=== Section Start ===

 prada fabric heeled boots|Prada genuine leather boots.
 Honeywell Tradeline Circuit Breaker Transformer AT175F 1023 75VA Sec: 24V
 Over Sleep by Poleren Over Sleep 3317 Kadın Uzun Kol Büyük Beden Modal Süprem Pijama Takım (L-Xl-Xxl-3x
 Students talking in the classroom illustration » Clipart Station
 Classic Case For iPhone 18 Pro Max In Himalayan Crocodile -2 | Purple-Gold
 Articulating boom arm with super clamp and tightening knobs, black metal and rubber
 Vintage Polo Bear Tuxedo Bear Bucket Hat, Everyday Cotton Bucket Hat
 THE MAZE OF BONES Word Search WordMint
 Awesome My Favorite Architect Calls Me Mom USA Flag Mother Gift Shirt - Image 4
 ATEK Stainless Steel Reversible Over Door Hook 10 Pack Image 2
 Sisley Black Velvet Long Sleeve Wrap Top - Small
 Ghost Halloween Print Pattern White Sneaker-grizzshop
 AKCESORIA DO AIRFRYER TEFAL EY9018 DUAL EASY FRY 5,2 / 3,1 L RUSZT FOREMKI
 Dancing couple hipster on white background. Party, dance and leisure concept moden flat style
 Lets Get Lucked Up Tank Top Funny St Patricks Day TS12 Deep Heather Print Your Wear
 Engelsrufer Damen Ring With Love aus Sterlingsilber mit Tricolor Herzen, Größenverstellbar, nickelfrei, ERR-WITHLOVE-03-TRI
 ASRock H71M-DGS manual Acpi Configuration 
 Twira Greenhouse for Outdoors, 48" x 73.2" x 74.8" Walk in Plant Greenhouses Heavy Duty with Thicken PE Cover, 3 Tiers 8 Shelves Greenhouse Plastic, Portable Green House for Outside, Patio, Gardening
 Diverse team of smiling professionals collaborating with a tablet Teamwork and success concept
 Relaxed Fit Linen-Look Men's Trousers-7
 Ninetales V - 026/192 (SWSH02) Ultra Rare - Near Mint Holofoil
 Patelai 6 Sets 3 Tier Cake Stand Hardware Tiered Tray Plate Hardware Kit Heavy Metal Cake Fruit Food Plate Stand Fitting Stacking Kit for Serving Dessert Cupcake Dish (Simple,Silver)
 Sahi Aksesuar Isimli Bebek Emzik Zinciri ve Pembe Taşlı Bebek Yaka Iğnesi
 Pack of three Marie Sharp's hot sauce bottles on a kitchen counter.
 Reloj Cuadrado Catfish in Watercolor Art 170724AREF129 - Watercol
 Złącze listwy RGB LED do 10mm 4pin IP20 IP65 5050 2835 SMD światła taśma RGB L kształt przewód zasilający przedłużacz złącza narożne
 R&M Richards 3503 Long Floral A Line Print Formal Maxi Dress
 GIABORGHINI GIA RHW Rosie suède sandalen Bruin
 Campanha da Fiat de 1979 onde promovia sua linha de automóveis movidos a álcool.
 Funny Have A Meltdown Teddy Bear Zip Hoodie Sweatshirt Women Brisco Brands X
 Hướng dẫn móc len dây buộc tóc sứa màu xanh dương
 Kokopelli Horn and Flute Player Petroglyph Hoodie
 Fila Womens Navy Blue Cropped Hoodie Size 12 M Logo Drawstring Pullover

=== Section End ===

** Work request **
Write out the entries in full, exactly as given.

** Answer to the problem **
 prada fabric heeled boots|Prada genuine leather boots.
 Honeywell Tradeline Circuit Breaker Transformer AT175F 1023 75VA Sec: 24V
 Over Sleep by Poleren Over Sleep 3317 Kadın Uzun Kol Büyük Beden Modal Süprem Pijama Takım (L-Xl-Xxl-3x
 Students talking in the classroom illustration » Clipart Station
 Classic Case For iPhone 18 Pro Max In Himalayan Crocodile -2 | Purple-Gold
 Articulating boom arm with super clamp and tightening knobs, black metal and rubber
 Vintage Polo Bear Tuxedo Bear Bucket Hat, Everyday Cotton Bucket Hat
 THE MAZE OF BONES Word Search WordMint
 Awesome My Favorite Architect Calls Me Mom USA Flag Mother Gift Shirt - Image 4
 ATEK Stainless Steel Reversible Over Door Hook 10 Pack Image 2
 Sisley Black Velvet Long Sleeve Wrap Top - Small
 Ghost Halloween Print Pattern White Sneaker-grizzshop
 AKCESORIA DO AIRFRYER TEFAL EY9018 DUAL EASY FRY 5,2 / 3,1 L RUSZT FOREMKI
 Dancing couple hipster on white background. Party, dance and leisure concept moden flat style
 Lets Get Lucked Up Tank Top Funny St Patricks Day TS12 Deep Heather Print Your Wear
 Engelsrufer Damen Ring With Love aus Sterlingsilber mit Tricolor Herzen, Größenverstellbar, nickelfrei, ERR-WITHLOVE-03-TRI
 ASRock H71M-DGS manual Acpi Configuration 
 Twira Greenhouse for Outdoors, 48" x 73.2" x 74.8" Walk in Plant Greenhouses Heavy Duty with Thicken PE Cover, 3 Tiers 8 Shelves Greenhouse Plastic, Portable Green House for Outside, Patio, Gardening
 Diverse team of smiling professionals collaborating with a tablet Teamwork and success concept
 Relaxed Fit Linen-Look Men's Trousers-7
 Ninetales V - 026/192 (SWSH02) Ultra Rare - Near Mint Holofoil
 Patelai 6 Sets 3 Tier Cake Stand Hardware Tiered Tray Plate Hardware Kit Heavy Metal Cake Fruit Food Plate Stand Fitting Stacking Kit for Serving Dessert Cupcake Dish (Simple,Silver)
 Sahi Aksesuar Isimli Bebek Emzik Zinciri ve Pembe Taşlı Bebek Yaka Iğnesi
 Pack of three Marie Sharp's hot sauce bottles on a kitchen counter.
 Reloj Cuadrado Catfish in Watercolor Art 170724AREF129 - Watercol
 Złącze listwy RGB LED do 10mm 4pin IP20 IP65 5050 2835 SMD światła taśma RGB L kształt przewód zasilający przedłużacz złącza narożne
 R&M Richards 3503 Long Floral A Line Print Formal Maxi Dress
 GIABORGHINI GIA RHW Rosie suède sandalen Bruin
 Campanha da Fiat de 1979 onde promovia sua linha de automóveis movidos a álcool.
 Funny Have A Meltdown Teddy Bear Zip Hoodie Sweatshirt Women Brisco Brands X
 Hướng dẫn móc len dây buộc tóc sứa màu xanh dương
 Kokopelli Horn and Flute Player Petroglyph Hoodie
 Fila Womens Navy Blue Cropped Hoodie Size 12 M Logo Drawstring Pullover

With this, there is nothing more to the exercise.